VIDYA VRIKSHAH
AN INDIAN SOLUTION FOR
LITERACY, EDUCATION & SKILLS
FOR THE SOCIALLY AND PHYSICALLY DISADVANTAGED OF INDIA
IN THE NEW MILLENIUM
by
N.KRISHNASWAMY IPS (Retd)
(Reproduced from an article in the Hindu of the 12th. October, 1999)
(Courtesy : The Hindu)

    It is a stark reality that even after 50 years of Independence, India has been unable establish a educational system that can reach the millions who live in abject poverty, and give them the basic education and skills that will enable them to lead lives of fulfilment. This is, firstly, because the prevailing bureaucratic or institutional approach to education is so expensive, wasteful and unproductive, that it's reach, content and quality have been severely limited. Secondly, there has been a failure to seriously explore alternative, pragmatic and productive solutions. It is clear that any solution must prima facie, rest on a methodology that enables :
(a) reaching huge numbers spread over vast areas ;
(b) accomplishing this at low cost; and
(c) using local languages as the medium of instruction.

    One such solution has been formulated as a unique Social Engineering Project and jointly implemented by the Indian Institute of Technology, Chennai, and Vidya Vrikshah, a Voluntary Social Service Organisation based in Chennai. The Project methodology rests on two components, the first, an Information Technology solution, and the second, an Implementation Approach based on Community Participation.

    The Information Technology solution is comprised of a Software Package developed by the Indian Institute of Technology, Chennai, that enables a computer to accept input and display, speak and print output in any Indian language, in addition to English. The output can be in ink or Braille, the latter being standard Bharati Braille or standard English Braille.

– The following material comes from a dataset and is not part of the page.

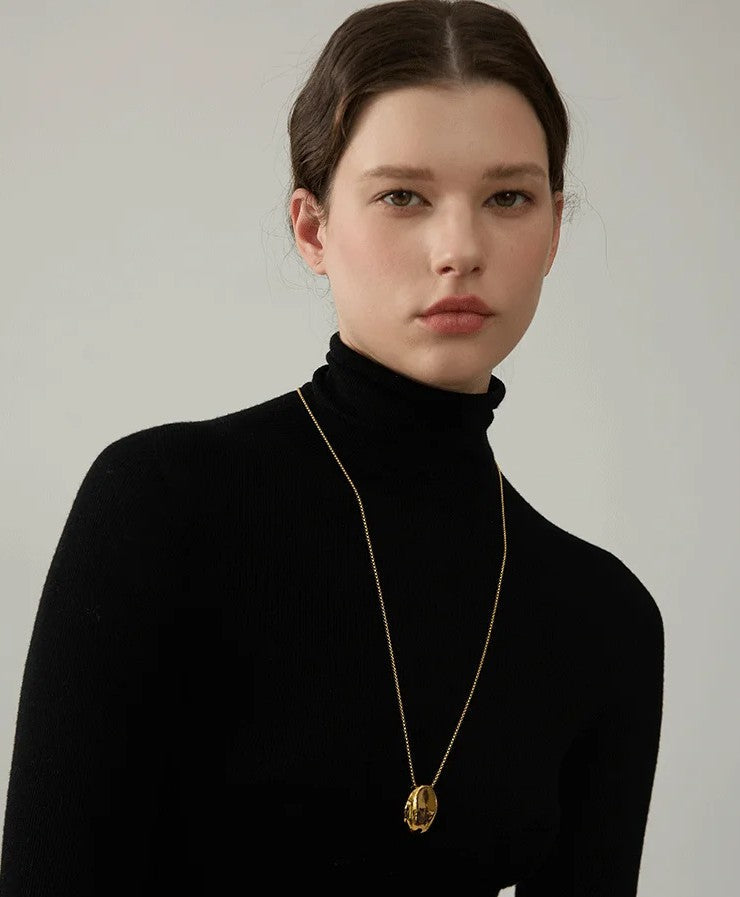 Reflection - Long Oval Necklace Gold / Silver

    The Package enables easy computer usage by the sighted and the blind alike, and is offered free of cost by the IIT. The Implementation Approach puts the basic educational process back into the hands of the Community, to be handled on a self-help basis. It has been developed as a working model by Vidya Vrikshah, a Voluntary Social Service Organisation, based in Chennai. It consists in providing Training in the use of the above Software Package, free of cost, to batches of Volunteer Trainers and creating through them, by a multiplier effect, the large numbers of Trainers needed to bring computer skills and education to the needy, blind and sighted alike, in the local languages, free of cost, close to where they live, in all parts of the country.

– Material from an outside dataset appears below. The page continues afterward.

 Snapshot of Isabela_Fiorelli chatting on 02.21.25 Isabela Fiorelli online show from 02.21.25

    Many Volunteers, so trained, may have their own computers and may be able to run the training activity in their own homes, entirely on their own resources. Many however, may not have such resources and these will have to be provided through common resource centres to be organised by committed individuals, citizen groups and institutions of the community. Perhaps in due course, the resource centres could also be funded by Government, taking care, of course, not to impose needless bureaucratic or other institutional overheads and controls. A Computer system that would be adequate for this activity would today cost not more than Rs 35000/- . The likelihood is that this cost may come down dramatically in coming years and come within easy reach of every home.
This happened not long ago in respect of the electronic Calculator, and is now happening in respect of TV. But even the level of cost obtaining today can be seen as economically viable when worked out on a shared, per beneficiary basis. Assuming that a Volunteer Trainer can train 100 persons (many of whom could be visually impaired) in a year, and assuming a life cycle of five years for a computer, the cost of training one person, inclusive of running expenses, would work out to not more than Rs 100. Such a pro rata cost of imparting education and skill should obviously be considered worthwhile, and quite certainly, be within easy reach of the Community or the Government All that is needed is to discover and establish an implementation methodology that is reliable and practical.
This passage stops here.